Foi a morte do artista

Chegaste e mais uma vez trouxeste desculpas medíocres que me enchem a cabeça. Acho fervorosos todos os pormenores que inventas. Tens talento. Há um drama em ti que não sabia existir.
Continuas a falar como se nada se passasse. Acho que até tu acreditas nas frases sujas que proferes sem uma vírgula de verdade. Só podes ser artista. Só te falta o palco. E eu sou a plateia.
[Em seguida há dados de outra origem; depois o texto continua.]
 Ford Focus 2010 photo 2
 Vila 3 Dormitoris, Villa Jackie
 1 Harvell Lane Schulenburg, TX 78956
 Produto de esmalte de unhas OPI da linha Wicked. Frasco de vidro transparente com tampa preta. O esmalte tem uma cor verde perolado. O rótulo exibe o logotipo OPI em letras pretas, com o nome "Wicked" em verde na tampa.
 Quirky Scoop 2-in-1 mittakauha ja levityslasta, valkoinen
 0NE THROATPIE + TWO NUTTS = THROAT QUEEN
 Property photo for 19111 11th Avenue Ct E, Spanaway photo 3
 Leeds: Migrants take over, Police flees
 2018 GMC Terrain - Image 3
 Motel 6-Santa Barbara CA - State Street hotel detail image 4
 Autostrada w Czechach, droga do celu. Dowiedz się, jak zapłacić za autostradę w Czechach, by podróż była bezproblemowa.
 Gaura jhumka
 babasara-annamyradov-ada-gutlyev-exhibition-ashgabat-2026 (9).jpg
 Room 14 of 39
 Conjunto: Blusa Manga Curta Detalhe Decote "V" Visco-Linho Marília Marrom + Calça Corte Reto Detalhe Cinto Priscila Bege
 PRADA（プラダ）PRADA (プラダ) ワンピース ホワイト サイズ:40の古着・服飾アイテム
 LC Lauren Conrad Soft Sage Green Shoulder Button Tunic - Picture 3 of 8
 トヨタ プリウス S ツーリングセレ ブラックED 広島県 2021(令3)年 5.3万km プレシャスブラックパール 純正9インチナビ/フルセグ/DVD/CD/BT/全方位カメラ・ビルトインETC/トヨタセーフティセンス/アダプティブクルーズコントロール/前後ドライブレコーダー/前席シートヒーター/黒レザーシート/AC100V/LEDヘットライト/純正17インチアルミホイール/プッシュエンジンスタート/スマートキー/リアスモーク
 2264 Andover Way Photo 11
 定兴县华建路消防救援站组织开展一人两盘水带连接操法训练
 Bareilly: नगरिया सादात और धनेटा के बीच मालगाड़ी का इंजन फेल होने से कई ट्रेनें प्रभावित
Os dias vão passando e chegas a casa sempre à mesma hora. Trazes no bolso a carteira e as desculpas, mas essas continuam medíocres. O teu latim, que em tempos soou (quase) a verdade, agora é tão forçado que destapa toda a mentira. E, ironicamente, vejo-te viver com a certeza de que eu vou ficar para sempre. Fazes-me rir, mesmo depois de me teres feito chorar até que me inchassem os olhos. Esta mistura de emoções só os artistas a conseguem. E tu só podes ser um.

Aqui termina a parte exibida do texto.